## Recorded information
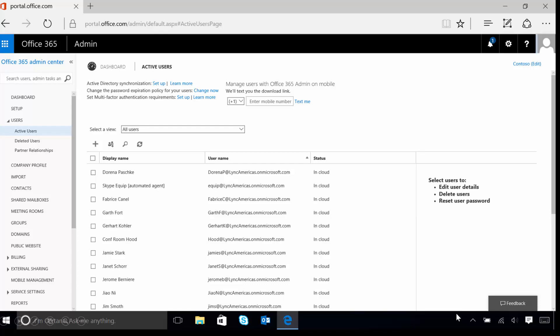Cloud PBX allows companies to start transitioning from their on-premise PBX systems into the cloud with Office 365 as the central management location for everything. With PSTN calling, Office 365 customers can also subscribe to Microsoft provided calling plans and get a Microsoft provided phone number.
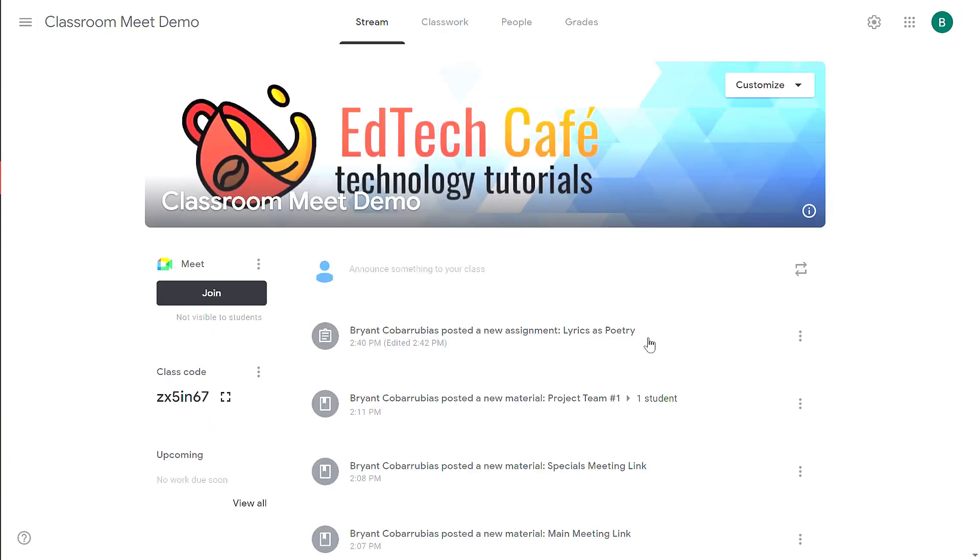That's a quick overview on how to get started with assignments in Google Classroom. At the end of the video, I'm going to share a link to other videos on Google Classroom. I also have some links in the description below. If you have any questions, put them in the comments. Thanks for watching. Let me know if I can help.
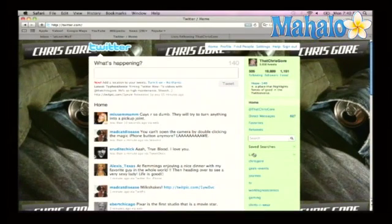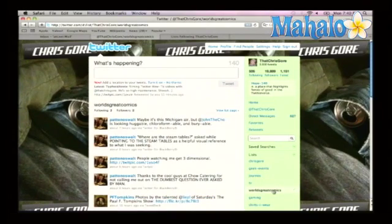I've created a couple of lists. One of my favorite lists is World's Greatest Comics, where I'm following Patton Oswalt — the voice of Ratatouille — and a hilarious guy. I put some of my favorite comedians on this list. That means when I click on the list, I'm only seeing people I've added to that list, only the World's Greatest Comics.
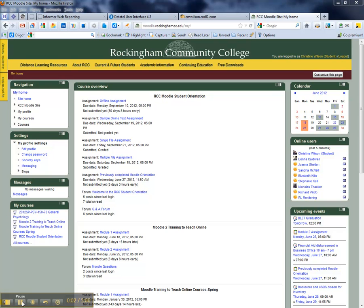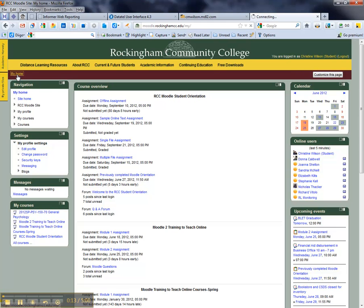What we're going to do here is check to make sure the user ID number is correct in your profile. If you're on your My Home page of Moodle — if you're not sure — just click up in the top left corner on My Home.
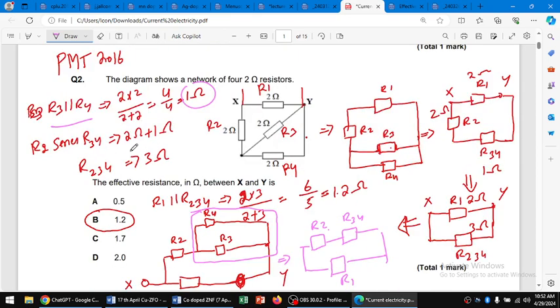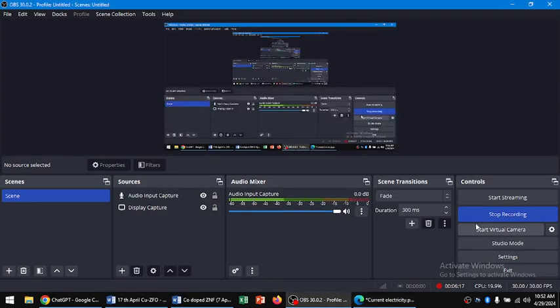I hope this was helpful. The correct answer is 1.2 ohm. Thank you.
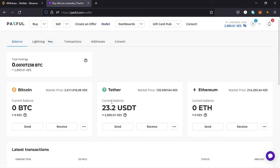After waiting a few minutes, you can see that here on my Paxful account my Tether balance is now 23.2 USDT, because there was a fee of 0.8 USDT deducted. That means the transaction from my Binance account to my Paxful account has been a success. That's how you make a deposit to your Paxful account from your Binance account, and I hope to see you in my next video.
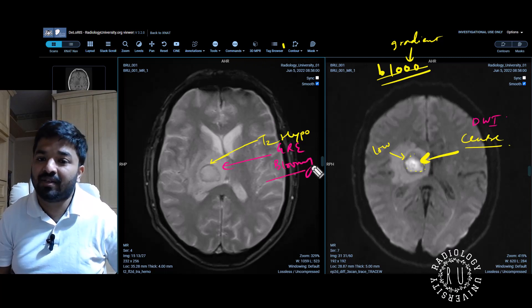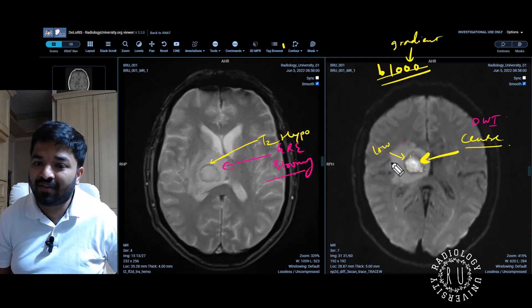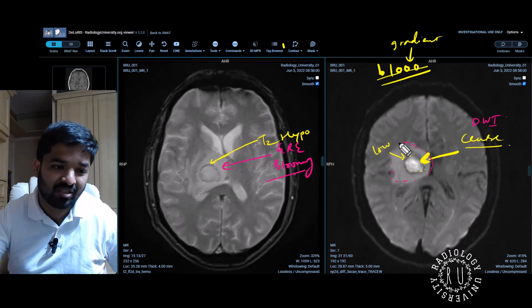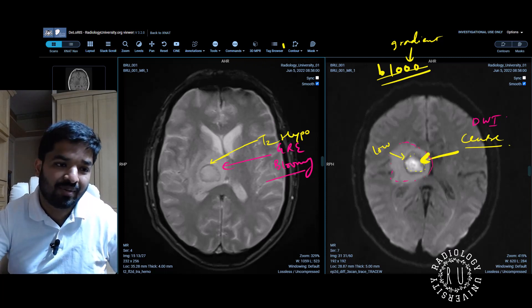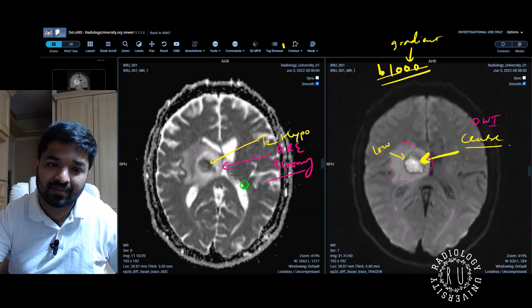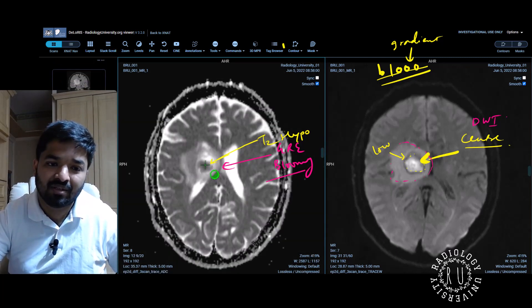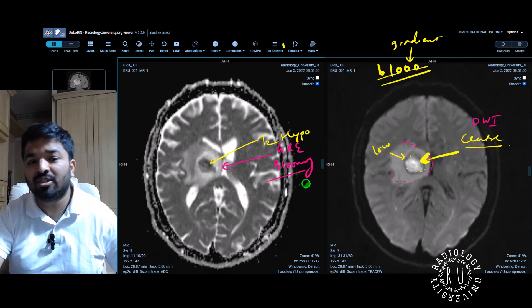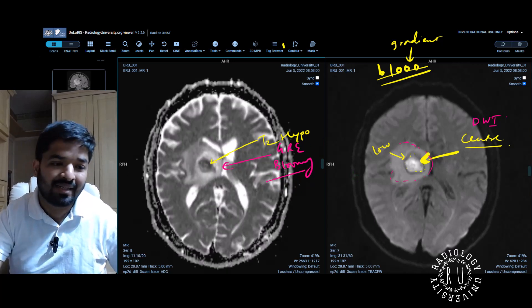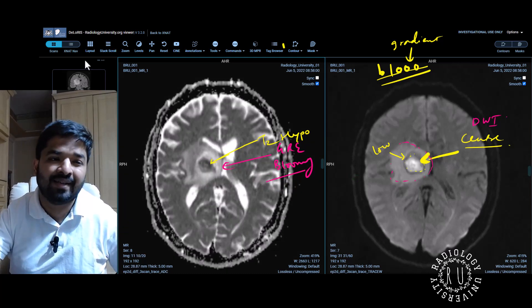So you have something which is T2 hypointense around the rim on DWI, there is central diffusion restriction, and on GRE there is blooming. You also have a peripheral area which is not really showing diffusion restriction, and you can confirm that on ADC — the surrounding area is not showing much diffusion restriction. So what is that? That is likely edema.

## Directions
Exclude every picture and restate the listing word for word.

## Answer box
Cloud PBX allows companies to start transitioning from their on-premise PBX systems into the cloud with Office 365 as the central management location for everything. With PSTN calling, Office 365 customers can also subscribe to Microsoft provided calling plans and get a Microsoft provided phone number.
That's a quick overview on how to get started with assignments in Google Classroom. At the end of the video, I'm going to share a link to other videos on Google Classroom. I also have some links in the description below. If you have any questions, put them in the comments. Thanks for watching. Let me know if I can help.
I've created a couple of lists. One of my favorite lists is World's Greatest Comics, where I'm following Patton Oswalt — the voice of Ratatouille — and a hilarious guy. I put some of my favorite comedians on this list. That means when I click on the list, I'm only seeing people I've added to that list, only the World's Greatest Comics.
What we're going to do here is check to make sure the user ID number is correct in your profile. If you're on your My Home page of Moodle — if you're not sure — just click up in the top left corner on My Home.
I hope this was helpful. The correct answer is 1.2 ohm. Thank you.
After waiting a few minutes, you can see that here on my Paxful account my Tether balance is now 23.2 USDT, because there was a fee of 0.8 USDT deducted. That means the transaction from my Binance account to my Paxful account has been a success. That's how you make a deposit to your Paxful account from your Binance account, and I hope to see you in my next video.
So you have something which is T2 hypointense around the rim on DWI, there is central diffusion restriction, and on GRE there is blooming. You also have a peripheral area which is not really showing diffusion restriction, and you can confirm that on ADC — the surrounding area is not showing much diffusion restriction. So what is that? That is likely edema.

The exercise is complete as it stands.